Thigpen: Improving performance, efficiency will be key for offshore to compete with shales
By Linda Hsieh, Managing Editor
The offshore industry has reduced deepwater development costs by up to 50% over the past couple of years, much of it sustainable, but is that enough for deepwater to compete with shales for investors’ capital? In the near term, probably not, acknowledged Jeremy Thigpen, Transocean President and CEO, in a keynote presentation at IADC World Drilling 2017. But in the long term, there remains a critical need for deepwater resources. “The offshore market will – bold-faced and underlined – rebound at some point in time. I feel confident about that,” Mr Thigpen said on 29 June in Amsterdam.
Average breakevens for offshore projects have fallen from approximately $91/bbl in 2014 to the mid-$40s today, he said, adding that the majority of Gulf of Mexico projects are now economic at below $50/bbl. While a portion of these cost reductions have come from dayrate discounts, much of it actually stems from “real structural change that has taken place across the value chain,” Mr Thigpen emphasized.
Such sustainable changes will go a long way toward making deepwater projects more competitive in the long term, even if shales win in the near term due to their lower-risk profiles and faster cash-on-cash returns. “Ultimately, (oil companies) have to replace reserves, and the size of the prize in deepwater far exceeds what you can find on land,” he said. At some point, investors will take notice of this, and demand for offshore drilling will return.
To prepare for this eventual upturn, offshore drillers must not only survive the next couple of years but also continue to invest in their people and its equipment. This means companies must focus on maintaining liquidity. At Transocean, “we have taken some pretty herculean steps over the course of the last two years to improve the balance sheet and extend our liquidity runway,” Mr Thigpen said. This included raising approximately $3 billion in secured and unsecured bonds to push debt out to the 2022-2024 time frame, as well as removing approximately $1 billion in shipyard obligations. “By the time we get to the end of 2018, we’ve got about $5 billion in liquidity, so we’ve got a lot of firepower to invest in our people and to invest in our assets.”
The company also recognizes that the ability to convert its $10.8 billion backlog into cash requires high revenue efficiency, which is reflected in uptime. “Over the course of the last nine quarters, we have been at or above 95% revenue efficiency,” Mr Thigpen said. “And if you look at just the last four quarters, we’ve been at 99% efficiency, so 99 cents of every dollar of backlog, we’re getting to revenue.”

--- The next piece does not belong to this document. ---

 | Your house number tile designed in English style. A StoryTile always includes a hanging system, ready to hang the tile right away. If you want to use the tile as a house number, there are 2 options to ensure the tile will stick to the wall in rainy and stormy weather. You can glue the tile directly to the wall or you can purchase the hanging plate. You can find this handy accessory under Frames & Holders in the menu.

In terms of asset strategy, Transocean has taken a data-driven approach, in which all 328 floaters in the world, including those under construction, were forced ranked. “We broke them down to 53 categories, and it’s over 17,000 data points that we have gone through and manipulated,” he explained. Key attributes were identified for the company’s two main focus markets – ultra-deepwater and harsh environment – and weightings were assigned to each rig depending on their technical capabilities.

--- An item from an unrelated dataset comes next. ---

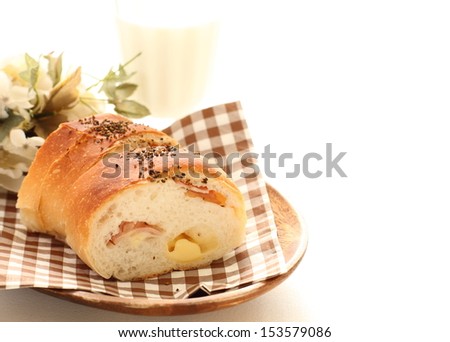 home bakery, cheese and bacon bread on brown checkered napkin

“Then we took a position and said, in a more normalized environment, how many floaters would the industry really need, given the fact that these new vessels are much more efficient and drilling far more quickly?” For its rigs that fell below that determined number, the company then asked whether they could be marketable in regional niches and whether upgrades could improve their rankings. “If the answer is no, let’s not waste a single dollar stacking that rig. Let’s just scrap it,” Mr Thigpen said. Over the past couple of years, Transocean has announced the recycling of 31 rigs; five to 10 additional units could be retired in the near future.

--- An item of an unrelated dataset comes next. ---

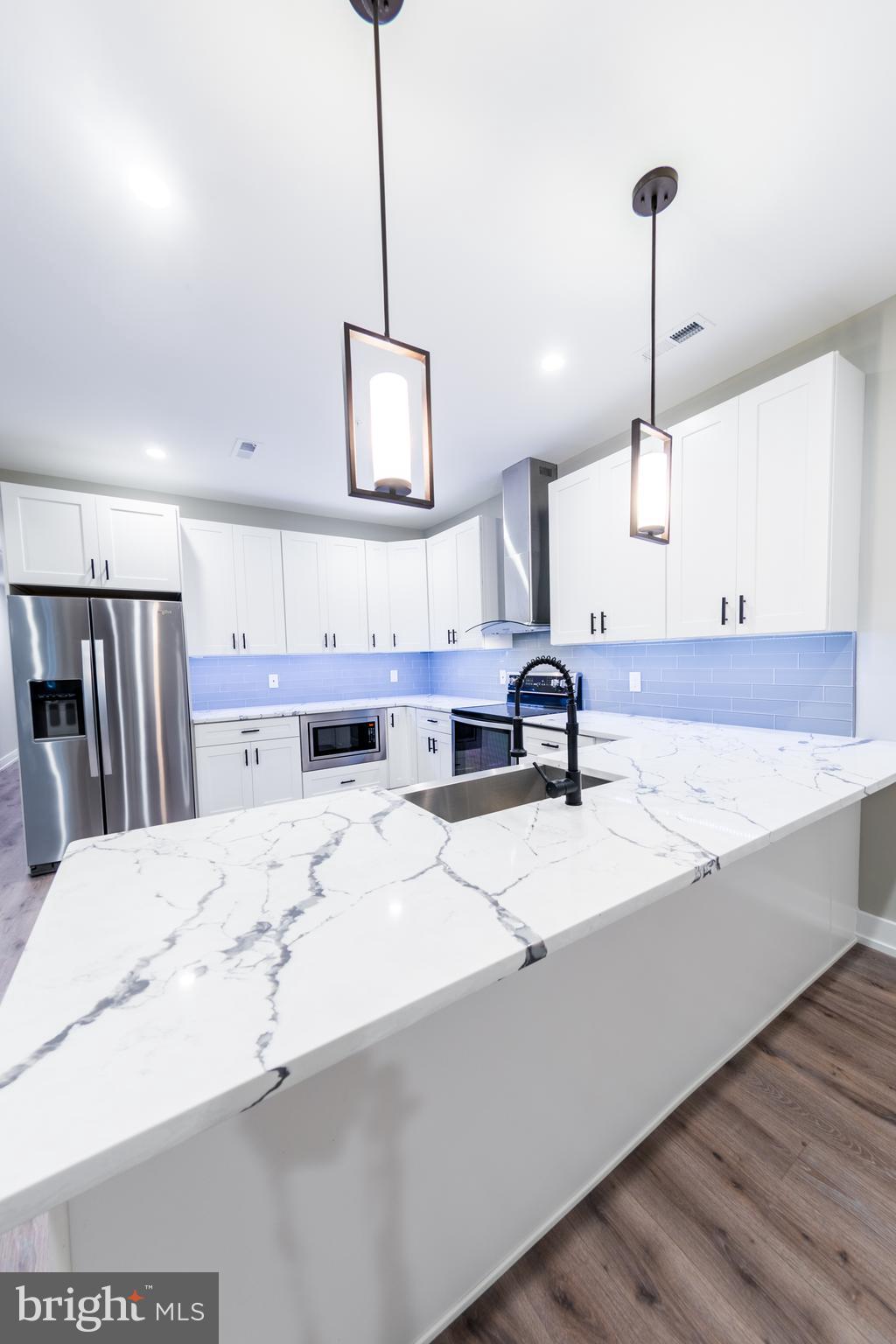 a large kitchen with kitchen island a sink stainless steel appliances and a chandelier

Crew and equipment reliability have also been focal points for improvement at Transocean. For the latter, the company has zeroed in on subsea equipment, signing long-term performance-based service agreements with GE Oil & Gas and Cameron. “If it cost us X, we want to do a fraction of X,” Mr Thigpen said. “It’s actually true alignment now between the OEM and the drilling contractor to deliver what the customer wants, which is improved uptime.”
Such improvements, in addition to other data-driven initiatives to reduce flat time in the well construction process, are enabling Transocean to participate in innovative contracting models. Mr Thigpen cited as an example Transocean’s contract award by Statoil earlier this year for work on the Aasta Hansteen in Norway. “We were willing to accept a lower dayrate in exchange for performance bonuses, so if we beat AFE, we get bonuses on top of the dayrate. We put a little skin into the game.” Under this agreement, Transocean also assumes responsibility for services outside of the drilling contractor’s traditional scope, such as ROV services and casing running. “I don’t know if this is going to be the new norm in the industry, but I know there needs to be closer collaboration with every member in the value chain in order to continue to drive cost out of offshore.”